When I first heard the word “unlearning”, I thought it sounded both elegant and intuitive: the equivalent of Ctrl+Z on your keyboard. Alas – unlearning is not “undo”. It is messy and ineffective, for technical as well as epistemological reasons.

Epistemologically, you could start by asking: what’s the difference between information and knowledge? Dangerous knowledge is rarely just data points, but rather the sum of certain kinds of information plus the procedural knowledge to put it into practice. (I.e. the difference between having a list of chemicals and the instructions for assembling them into a bomb.)

So unlearning is not a process of pulling out discrete elements of data from a model’s weights and parameters, because that wouldn’t be technically feasible anyway, but rather, for the most part, fine-tuning that trains models to suppress responses flagged for specific risk factors. Yet like all fine-tuning, this is superficial. It only refines surface behaviours and tends not to be very robust, especially in the face of adversarial persistence.

Apart from fine-tuning, there are deeper unlearning techniques that are more like surgical interventions. Whether called edits, ablations, or perturbations, these are all examples of targeted damage to the model's thinking mechanism aimed at eliminating an unwanted capability.

Finally, there's compression, or making models smaller through techniques such as pruning, quantising, or distillation. Going back to the fundamental “bigger is better” orthodoxy we talked about at the beginning, compression is generally not seen as a good solution because you lose the generalist capabilities that make models such helpful assistants in a variety of situations.

So I was intrigued to read a paper last year that combines several individual unlearning techniques such as fine-tuning, perturbation, and distillation into one broad unlearning method called UNDO, or Unlearn-Noise-Distill-on-Outputs. (Not quite as simple as Ctrl-Z, but getting there!) Essentially, UNDO creates a student model compressed from a larger teacher model, where the student learns only a safe subset of the teacher model’s responses.

Two uncomfortable parallels

While I found the UNDO paper insightful and hopeful on a technical level, it also made me reflect on some of the broader dimensions of “knowing too much” and how this has played out in human society.

First, consider the teacher-student model as a parallel for the burden of knowledge across generations. When it comes to the “problematic ancestors” in our own history — such as soldiers returning from war, or people entangled in complicity of some kind — they are often left to deal with their complex, forbidden knowledge alone, or even outright rejected and pushed to the margins of society.
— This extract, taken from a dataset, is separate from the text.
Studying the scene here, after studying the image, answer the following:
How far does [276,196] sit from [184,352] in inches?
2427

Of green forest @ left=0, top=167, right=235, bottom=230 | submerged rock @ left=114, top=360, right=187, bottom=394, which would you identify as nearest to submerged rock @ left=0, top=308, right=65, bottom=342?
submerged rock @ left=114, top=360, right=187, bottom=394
Let’s recall too that the AI industry is shaped by American culture, which resists social responsibility of any kind on one hand and is deeply wedded to a good guys-bad guys binary on the other (I say this as an American in exile myself).
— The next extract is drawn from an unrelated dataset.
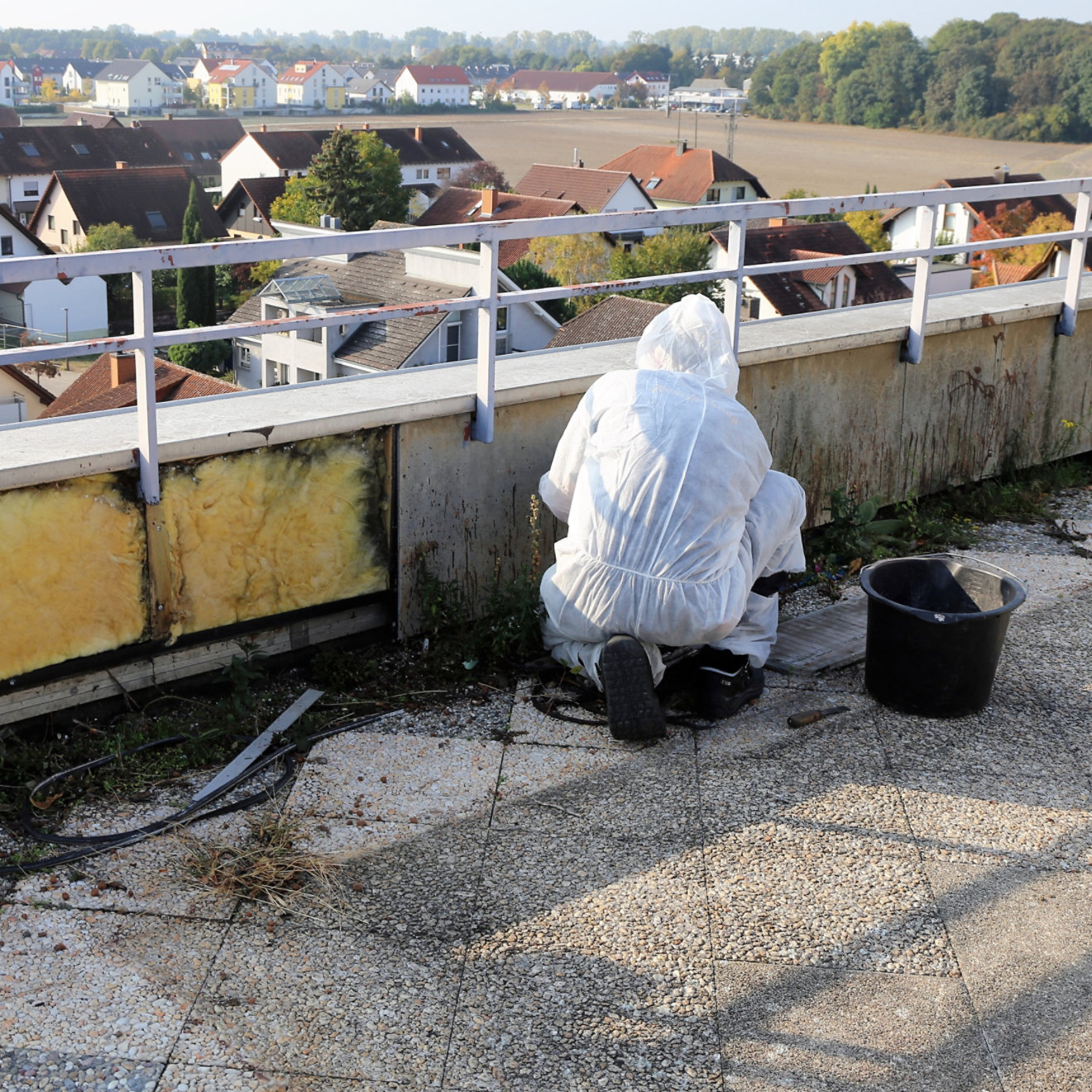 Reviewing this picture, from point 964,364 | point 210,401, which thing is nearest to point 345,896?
point 210,401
All of which means that the reflexive response to models knowing too much is likely to be some form of compartmentalisation where the blame is put on individual humans or, who knows, maybe even certain models will be scapegoated in the future.
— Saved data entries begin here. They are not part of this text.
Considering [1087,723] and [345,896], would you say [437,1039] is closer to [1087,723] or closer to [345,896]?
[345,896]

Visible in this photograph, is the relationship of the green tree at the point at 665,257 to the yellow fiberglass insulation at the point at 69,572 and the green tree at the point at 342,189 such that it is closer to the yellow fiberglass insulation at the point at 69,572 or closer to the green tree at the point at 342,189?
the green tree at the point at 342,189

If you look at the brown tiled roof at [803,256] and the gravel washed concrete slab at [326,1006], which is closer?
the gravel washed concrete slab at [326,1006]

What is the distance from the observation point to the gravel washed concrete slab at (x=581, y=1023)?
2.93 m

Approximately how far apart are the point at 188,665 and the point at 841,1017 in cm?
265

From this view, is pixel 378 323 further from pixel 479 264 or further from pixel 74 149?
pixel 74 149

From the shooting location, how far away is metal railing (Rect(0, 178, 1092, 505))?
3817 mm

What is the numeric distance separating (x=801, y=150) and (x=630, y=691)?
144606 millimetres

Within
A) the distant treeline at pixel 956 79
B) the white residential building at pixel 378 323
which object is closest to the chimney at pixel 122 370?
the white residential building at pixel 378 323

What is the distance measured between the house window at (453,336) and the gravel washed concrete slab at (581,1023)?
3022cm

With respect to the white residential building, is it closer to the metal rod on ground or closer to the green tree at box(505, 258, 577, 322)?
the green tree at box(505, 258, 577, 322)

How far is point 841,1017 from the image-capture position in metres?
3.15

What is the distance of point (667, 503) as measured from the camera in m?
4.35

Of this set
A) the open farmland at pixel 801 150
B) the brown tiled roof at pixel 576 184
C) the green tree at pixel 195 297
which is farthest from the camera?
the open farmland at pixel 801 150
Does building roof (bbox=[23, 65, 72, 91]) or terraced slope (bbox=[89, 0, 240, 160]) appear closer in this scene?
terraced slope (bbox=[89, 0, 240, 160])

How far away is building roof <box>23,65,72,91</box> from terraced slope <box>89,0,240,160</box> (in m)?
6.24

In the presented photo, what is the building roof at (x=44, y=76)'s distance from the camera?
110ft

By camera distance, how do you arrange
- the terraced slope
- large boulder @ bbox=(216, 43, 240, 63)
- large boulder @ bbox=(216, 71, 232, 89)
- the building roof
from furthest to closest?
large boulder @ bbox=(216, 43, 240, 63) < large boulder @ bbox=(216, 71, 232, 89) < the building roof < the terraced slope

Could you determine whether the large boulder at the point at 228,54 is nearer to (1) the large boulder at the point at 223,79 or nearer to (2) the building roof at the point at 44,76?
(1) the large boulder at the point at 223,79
Second: unlearning techniques like noise, ablations, and perturbations have a disturbing parallel with brutal psychiatric interventions of the 20th century — think of lobotomies or electric shock — which were performed disproportionately on marginalised populations. I am not anthropomorphising models when I say this; I don't believe they experience suffering from these interventions. My point is that the societal response to minds that threaten prevailing power structures seems to involve both reflexive violence and euphemisms to disguise it.

Compartmentalisation and ablation are variations on a broader pattern: draping uncomfortable truths in jargon and turning them into research specialisms or bureaucratic make-work. I wish we would call out "more data, bigger models" as the elephant in the room instead of devising ever more elaborate post-hoc solutions.

Making AI safer can't only be about technical fixes aimed at suppressing or undoing. We need a public conversation about what knowing too much really means.